While reading C++ Concurrency in Action, I got the idea of implementing a concurrent version of the quicksort algorithm. My plan was to create a pool of worker threads and use them to concurrently execute the recursive subtasks of the sort. This is my implementation on GitHub. In this post, I want to document the idea and share my general thought process.

Step 1: Sequential quicksort algorithm

Link to the sequential implementation

The quicksort algorithm sorts numbers using the divide-and-conquer strategy. The idea is to choose a number in the array as a pivot and arrange the elements so that the numbers less than the pivot are on the left and the greater ones are on the right, thereby fixing the pivot’s final position in the array. After this, the subarrays on the left and right can follow the same process.

I realized I had never actually implemented quicksort before, and I was too proud to look up any examples, so it took me some time to figure out a good in-place solution for rearranging the numbers around the pivot. After testing the implementation with randomly generated arrays, I was satisfied with the results and moved on to the concurrent version.

Step 2: Concurrent quicksort algorithm

Link to the concurrent implementation

The quicksort algorithm has a recursive structure like this:

sort: [n,n,n,n,n,n,n]
- choose pivot p & arrange numbers around it [s,s,s,p,p,b,b]
- sort smaller [s,s,s]
- sort bigger [b,b]

This shows the tail-recursive nature of the algorithm. After the arrangement step, the positions of the pivot elements are final. Therefore, we don’t need to know the results of the sub-tasks.

Worker system

So, the idea is quite simple. Let’s set up a pool of worker threads. Each worker will fetch a task from the task queue.
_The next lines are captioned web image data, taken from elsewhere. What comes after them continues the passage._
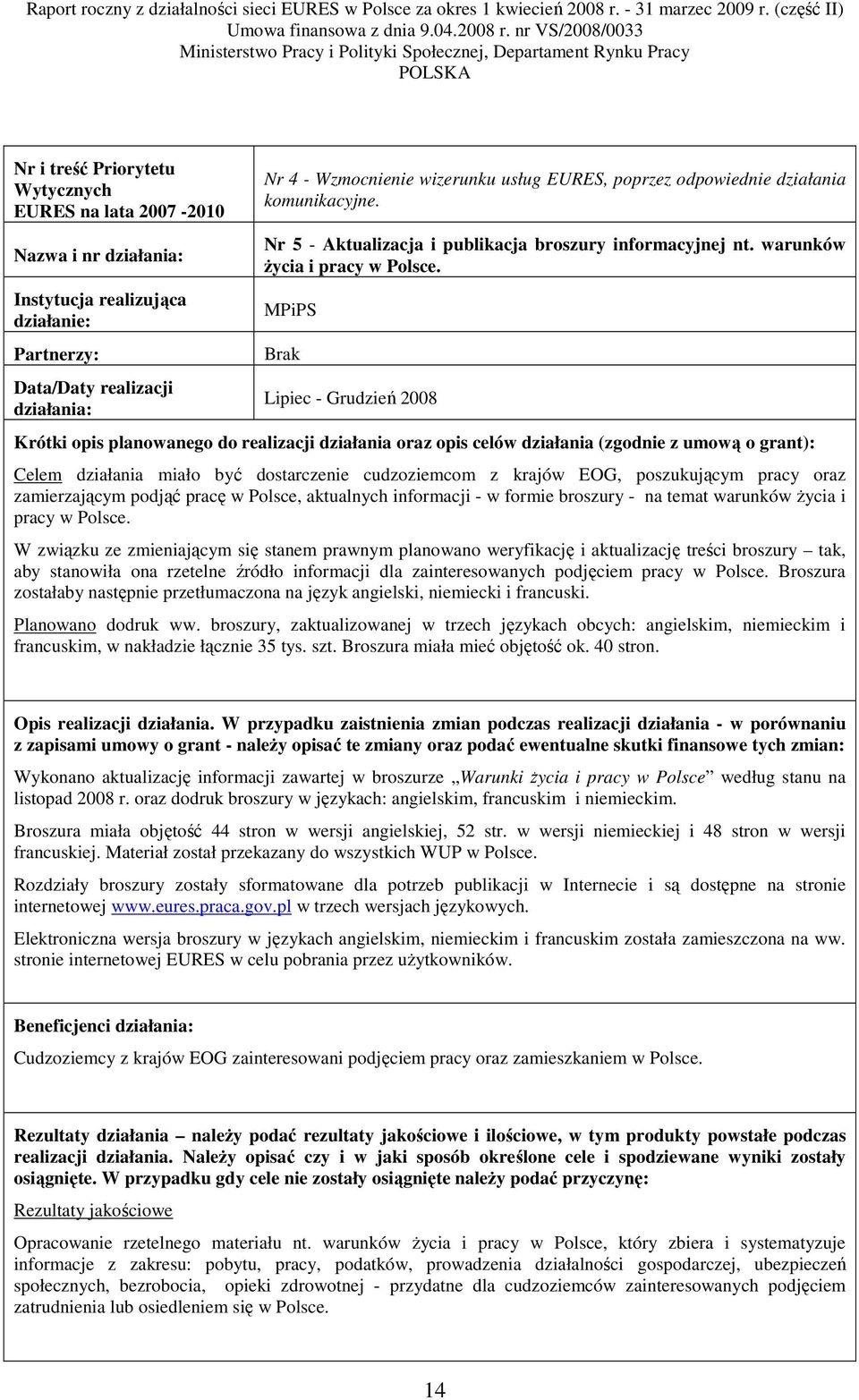 MPiPS Brak Lipiec - Grudzień 2008 Krótki opis planowanego do realizacji działania oraz opis celów działania (zgodnie z umową o grant): Celem działania miało być dostarczenie cudzoziemcom z krajów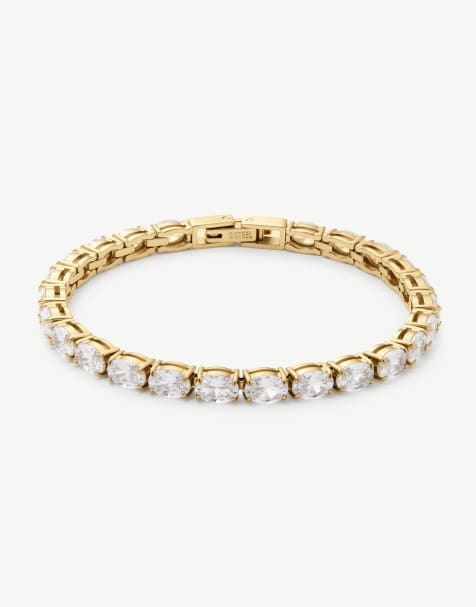D. LOUISE Waterproof oval tennis bracelet – tarnish-free in gold - view 1
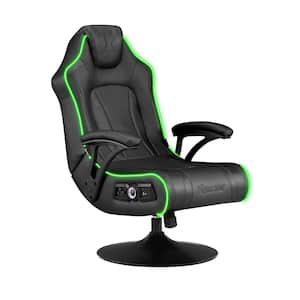 CXR3 LED Faux Leather Swivel Ergonomic Audio Pedestal Gaming Chair in Black with Arms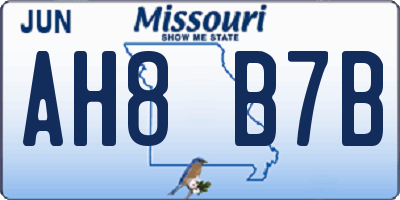 MO license plate AH8B7B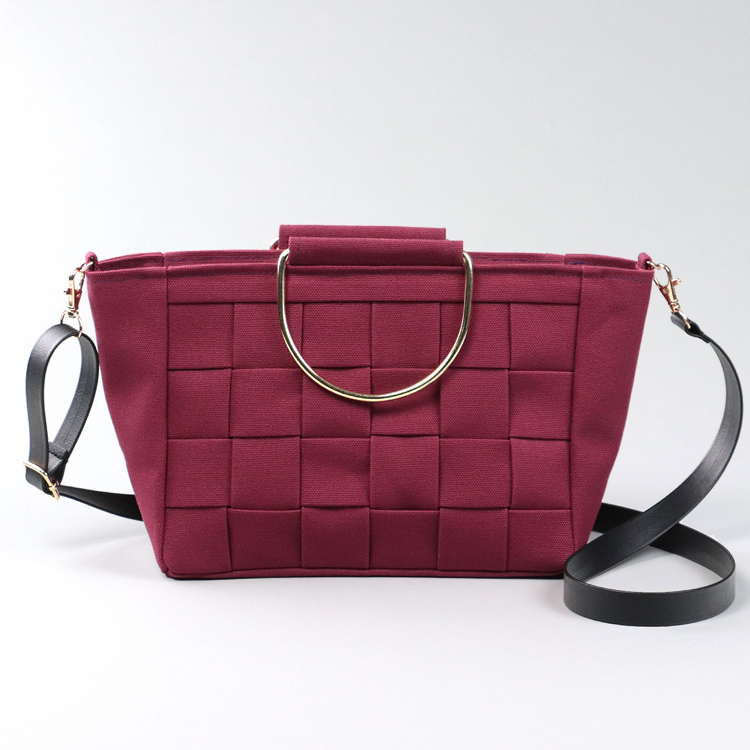 ラティス　北欧生地×富士金梅 8号帆布　ボルドー　オリジナル　ハンドメイド帆布2wayショルダーバッグ　ハネアント神戸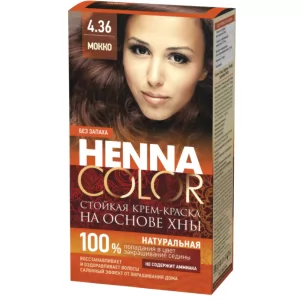 Cream Hair Dye Henna Color Tone 4.36 Mocha, Fitocosmetic, 115 ml/ 3.89oz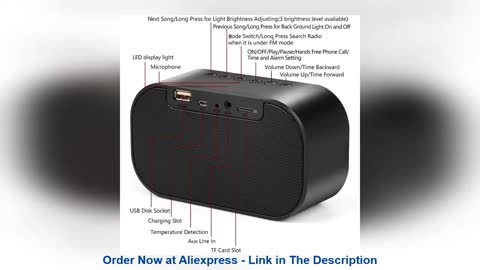 ☑️ Yayusi Wireless Bluetooth Speaker Wireless Mini Mobile Alarm Clock Small Audio Computer Car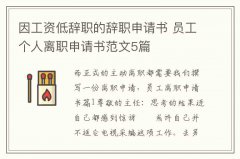 因工资低辞职的辞职申请书 员工个人离职申请书范文5篇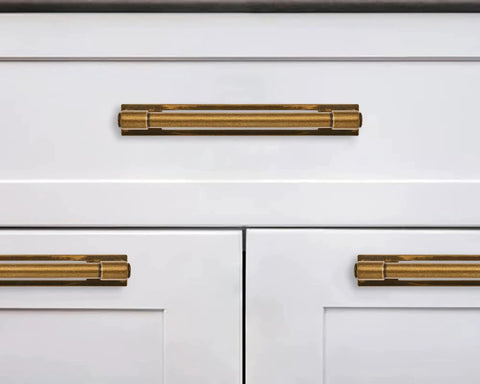 Antique Brass Cabinet Pull Set 5 Pack 3 Inch Center To Center Backplates With Base Plate Zinc Alloy Vintage Kitchen Handles on drawers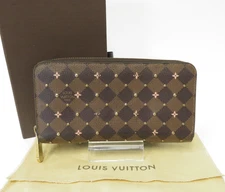 LOUIS VUITTON Damier Ebene Studs flower Zippy Zip Around Long Wallet  S#47543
A task contains a reference to an array, along with the start and end indices to sort in place. The worker selects a pivot and arranges the numbers around it. After that, it creates the necessary sub-tasks and submits them back to the task queue, where they can be picked up by any available worker. In this way, multiple workers can concurrently sort different parts of the array. Since there’s no interdependency, we can even apply this to multiple arrays at once, i.e. a batch of arrays.

Knowing when sort has finished

It’s important to know when the sorting process has completed. Since each worker only handles a portion of the array, it doesn’t have enough information on its own to determine whether all sub-tasks are finished. To manage this, we maintain a count of all in-progress sub-tasks. Whenever a task is subdivided, the worker increments an atomic counter to reflect the creation of new sub-tasks. When there are no further sub-tasks to divide and the pivoting is complete, the worker decrements the in-progress counter and notifies the main thread. The main thread waits for this notification and checks the counter to determine whether all sub-tasks have finished.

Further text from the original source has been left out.